- **Directions for this task**: Please reply with one number only: how many lines in the entries below contain the string "Garden".
====================
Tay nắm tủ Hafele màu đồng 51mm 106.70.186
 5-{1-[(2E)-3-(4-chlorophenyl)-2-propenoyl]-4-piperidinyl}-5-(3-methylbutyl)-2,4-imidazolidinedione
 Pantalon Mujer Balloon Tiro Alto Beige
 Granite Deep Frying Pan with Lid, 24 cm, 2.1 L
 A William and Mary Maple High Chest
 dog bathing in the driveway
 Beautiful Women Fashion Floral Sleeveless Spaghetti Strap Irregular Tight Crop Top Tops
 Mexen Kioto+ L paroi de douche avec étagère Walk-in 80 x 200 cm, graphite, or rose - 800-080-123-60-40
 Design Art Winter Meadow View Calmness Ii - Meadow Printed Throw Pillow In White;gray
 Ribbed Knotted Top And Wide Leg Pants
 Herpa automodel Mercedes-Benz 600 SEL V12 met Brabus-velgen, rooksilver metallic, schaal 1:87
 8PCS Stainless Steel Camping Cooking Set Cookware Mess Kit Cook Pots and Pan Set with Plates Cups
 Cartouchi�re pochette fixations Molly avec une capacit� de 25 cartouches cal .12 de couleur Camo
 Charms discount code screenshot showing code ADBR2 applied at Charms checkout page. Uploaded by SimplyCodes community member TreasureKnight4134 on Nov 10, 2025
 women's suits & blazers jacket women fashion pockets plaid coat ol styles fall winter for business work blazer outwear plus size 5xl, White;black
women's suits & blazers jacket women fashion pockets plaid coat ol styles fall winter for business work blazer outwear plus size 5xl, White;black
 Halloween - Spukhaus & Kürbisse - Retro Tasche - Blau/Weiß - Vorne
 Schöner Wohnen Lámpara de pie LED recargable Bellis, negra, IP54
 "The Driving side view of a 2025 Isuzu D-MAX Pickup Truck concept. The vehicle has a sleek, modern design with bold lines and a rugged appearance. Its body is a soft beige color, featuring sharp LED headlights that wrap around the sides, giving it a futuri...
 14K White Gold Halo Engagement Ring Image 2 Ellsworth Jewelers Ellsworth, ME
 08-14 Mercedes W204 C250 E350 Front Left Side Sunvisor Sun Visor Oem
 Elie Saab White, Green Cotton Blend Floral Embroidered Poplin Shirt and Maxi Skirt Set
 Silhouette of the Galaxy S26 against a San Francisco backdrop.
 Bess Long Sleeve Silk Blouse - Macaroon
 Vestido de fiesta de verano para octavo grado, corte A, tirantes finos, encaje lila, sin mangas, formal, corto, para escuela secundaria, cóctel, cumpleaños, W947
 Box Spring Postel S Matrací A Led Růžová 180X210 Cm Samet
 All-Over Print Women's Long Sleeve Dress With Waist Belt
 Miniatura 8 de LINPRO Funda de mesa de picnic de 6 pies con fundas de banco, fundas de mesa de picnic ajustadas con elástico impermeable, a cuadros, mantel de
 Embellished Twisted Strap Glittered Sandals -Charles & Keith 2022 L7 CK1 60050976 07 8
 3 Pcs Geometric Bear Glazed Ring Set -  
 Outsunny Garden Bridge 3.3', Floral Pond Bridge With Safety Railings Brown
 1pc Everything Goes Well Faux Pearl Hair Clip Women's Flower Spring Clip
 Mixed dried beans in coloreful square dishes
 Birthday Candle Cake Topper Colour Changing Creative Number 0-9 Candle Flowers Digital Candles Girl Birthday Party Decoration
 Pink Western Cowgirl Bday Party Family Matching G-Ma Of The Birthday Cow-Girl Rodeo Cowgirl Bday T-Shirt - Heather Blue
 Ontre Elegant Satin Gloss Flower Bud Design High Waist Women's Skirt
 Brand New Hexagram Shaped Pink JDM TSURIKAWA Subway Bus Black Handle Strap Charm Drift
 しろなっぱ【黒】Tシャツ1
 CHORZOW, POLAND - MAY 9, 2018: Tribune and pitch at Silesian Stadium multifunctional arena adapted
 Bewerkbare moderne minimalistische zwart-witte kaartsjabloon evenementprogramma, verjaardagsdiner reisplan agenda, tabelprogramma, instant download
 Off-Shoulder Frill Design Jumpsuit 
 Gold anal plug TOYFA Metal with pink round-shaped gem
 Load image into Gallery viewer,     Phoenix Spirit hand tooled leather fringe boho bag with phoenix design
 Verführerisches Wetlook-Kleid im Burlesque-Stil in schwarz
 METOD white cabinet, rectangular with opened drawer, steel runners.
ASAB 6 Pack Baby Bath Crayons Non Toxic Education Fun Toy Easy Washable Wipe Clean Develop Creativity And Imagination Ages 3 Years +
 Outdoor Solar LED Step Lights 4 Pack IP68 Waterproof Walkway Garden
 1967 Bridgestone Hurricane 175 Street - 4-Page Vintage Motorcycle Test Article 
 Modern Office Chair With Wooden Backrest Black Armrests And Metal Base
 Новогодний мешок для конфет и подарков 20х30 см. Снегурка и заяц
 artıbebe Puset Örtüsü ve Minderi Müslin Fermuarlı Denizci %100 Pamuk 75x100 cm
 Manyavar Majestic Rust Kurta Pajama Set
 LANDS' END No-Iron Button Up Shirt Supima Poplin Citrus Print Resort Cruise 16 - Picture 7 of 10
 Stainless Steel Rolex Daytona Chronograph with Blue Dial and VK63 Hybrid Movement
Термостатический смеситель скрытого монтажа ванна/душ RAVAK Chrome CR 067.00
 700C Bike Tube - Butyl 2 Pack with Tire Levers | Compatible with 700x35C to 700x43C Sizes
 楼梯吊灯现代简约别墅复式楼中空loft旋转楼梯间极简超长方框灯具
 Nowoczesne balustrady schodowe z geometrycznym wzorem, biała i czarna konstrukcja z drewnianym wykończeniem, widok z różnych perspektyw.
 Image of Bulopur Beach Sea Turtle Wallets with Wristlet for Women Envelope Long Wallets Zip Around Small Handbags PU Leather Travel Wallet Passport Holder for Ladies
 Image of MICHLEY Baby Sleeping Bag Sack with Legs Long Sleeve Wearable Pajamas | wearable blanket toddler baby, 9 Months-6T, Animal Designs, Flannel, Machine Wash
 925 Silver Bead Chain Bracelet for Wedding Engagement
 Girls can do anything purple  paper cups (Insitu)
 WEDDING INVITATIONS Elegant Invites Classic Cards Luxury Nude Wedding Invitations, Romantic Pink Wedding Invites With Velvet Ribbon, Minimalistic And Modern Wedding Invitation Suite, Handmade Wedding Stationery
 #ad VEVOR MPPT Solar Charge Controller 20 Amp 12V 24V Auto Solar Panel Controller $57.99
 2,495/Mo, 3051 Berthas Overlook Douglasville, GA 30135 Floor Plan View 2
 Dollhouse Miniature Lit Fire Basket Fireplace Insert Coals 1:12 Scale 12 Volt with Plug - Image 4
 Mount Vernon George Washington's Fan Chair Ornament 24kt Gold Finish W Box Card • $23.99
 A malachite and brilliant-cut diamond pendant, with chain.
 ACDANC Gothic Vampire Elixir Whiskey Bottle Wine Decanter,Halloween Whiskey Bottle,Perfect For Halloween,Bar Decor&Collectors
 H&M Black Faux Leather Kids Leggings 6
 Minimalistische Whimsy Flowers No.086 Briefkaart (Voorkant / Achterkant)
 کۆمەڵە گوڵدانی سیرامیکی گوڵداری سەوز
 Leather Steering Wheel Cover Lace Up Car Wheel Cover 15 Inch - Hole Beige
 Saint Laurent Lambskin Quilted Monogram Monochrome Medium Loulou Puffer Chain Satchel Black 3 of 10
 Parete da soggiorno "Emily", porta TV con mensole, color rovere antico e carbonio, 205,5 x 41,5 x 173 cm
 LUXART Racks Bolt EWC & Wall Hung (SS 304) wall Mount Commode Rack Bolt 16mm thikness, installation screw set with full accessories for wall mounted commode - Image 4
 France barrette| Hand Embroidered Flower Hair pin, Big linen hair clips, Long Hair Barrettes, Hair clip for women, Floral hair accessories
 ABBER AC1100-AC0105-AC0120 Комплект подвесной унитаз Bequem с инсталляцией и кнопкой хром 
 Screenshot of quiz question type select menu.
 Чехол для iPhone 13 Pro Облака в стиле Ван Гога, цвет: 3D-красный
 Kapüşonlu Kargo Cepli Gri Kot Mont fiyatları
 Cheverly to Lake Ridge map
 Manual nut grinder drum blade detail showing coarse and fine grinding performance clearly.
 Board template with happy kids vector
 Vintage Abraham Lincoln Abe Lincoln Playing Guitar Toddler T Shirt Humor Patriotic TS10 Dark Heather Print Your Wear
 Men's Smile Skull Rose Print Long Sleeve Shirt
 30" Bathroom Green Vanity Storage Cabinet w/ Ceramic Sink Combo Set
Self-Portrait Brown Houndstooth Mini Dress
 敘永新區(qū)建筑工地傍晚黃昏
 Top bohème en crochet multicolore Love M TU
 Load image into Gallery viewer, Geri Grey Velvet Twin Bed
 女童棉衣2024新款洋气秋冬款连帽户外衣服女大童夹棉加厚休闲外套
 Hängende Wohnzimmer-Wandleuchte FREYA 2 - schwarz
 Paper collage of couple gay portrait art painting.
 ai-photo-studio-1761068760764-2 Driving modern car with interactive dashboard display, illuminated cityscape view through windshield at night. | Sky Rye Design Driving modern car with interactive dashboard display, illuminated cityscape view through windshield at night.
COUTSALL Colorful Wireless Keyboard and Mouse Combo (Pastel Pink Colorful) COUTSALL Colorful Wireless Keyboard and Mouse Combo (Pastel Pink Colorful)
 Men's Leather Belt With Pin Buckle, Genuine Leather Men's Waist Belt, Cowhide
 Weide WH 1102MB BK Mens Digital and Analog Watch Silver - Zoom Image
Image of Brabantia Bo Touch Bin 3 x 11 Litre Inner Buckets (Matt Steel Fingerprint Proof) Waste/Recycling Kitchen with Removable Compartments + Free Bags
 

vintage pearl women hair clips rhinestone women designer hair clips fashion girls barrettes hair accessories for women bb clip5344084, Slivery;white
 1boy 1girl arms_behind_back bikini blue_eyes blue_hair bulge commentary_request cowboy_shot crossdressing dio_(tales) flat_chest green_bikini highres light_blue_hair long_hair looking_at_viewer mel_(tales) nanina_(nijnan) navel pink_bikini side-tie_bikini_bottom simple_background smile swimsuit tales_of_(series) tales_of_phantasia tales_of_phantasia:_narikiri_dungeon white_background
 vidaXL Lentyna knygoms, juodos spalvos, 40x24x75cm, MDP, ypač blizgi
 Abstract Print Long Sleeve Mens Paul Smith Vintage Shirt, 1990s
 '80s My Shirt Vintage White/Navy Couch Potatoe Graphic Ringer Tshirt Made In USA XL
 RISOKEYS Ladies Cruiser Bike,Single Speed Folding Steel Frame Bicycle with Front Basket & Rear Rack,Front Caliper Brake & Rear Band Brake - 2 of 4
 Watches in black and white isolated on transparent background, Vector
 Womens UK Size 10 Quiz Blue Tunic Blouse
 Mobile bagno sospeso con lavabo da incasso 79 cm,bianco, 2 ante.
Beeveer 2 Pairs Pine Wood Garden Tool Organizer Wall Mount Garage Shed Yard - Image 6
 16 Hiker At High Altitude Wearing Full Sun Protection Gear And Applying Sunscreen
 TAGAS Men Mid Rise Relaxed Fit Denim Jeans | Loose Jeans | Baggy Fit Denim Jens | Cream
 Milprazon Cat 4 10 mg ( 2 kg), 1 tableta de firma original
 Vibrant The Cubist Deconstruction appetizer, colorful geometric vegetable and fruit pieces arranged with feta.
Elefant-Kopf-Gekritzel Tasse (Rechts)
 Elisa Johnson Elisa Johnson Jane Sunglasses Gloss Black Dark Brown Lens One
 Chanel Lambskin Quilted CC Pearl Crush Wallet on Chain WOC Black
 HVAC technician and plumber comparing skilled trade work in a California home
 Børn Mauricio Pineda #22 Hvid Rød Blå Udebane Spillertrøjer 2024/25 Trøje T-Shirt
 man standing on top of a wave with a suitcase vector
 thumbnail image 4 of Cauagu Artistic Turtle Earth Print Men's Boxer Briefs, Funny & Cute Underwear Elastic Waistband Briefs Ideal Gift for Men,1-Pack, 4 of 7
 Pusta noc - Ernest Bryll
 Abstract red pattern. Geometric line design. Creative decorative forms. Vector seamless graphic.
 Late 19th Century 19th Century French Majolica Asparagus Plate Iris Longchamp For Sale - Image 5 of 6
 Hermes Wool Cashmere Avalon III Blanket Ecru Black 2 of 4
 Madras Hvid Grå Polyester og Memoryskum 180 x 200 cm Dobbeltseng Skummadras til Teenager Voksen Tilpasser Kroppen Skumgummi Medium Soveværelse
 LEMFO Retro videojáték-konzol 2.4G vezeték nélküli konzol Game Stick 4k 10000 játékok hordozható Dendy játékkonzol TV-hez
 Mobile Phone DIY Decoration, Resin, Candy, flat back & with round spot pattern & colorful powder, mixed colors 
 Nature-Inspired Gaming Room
====================
- **Written answer**: 3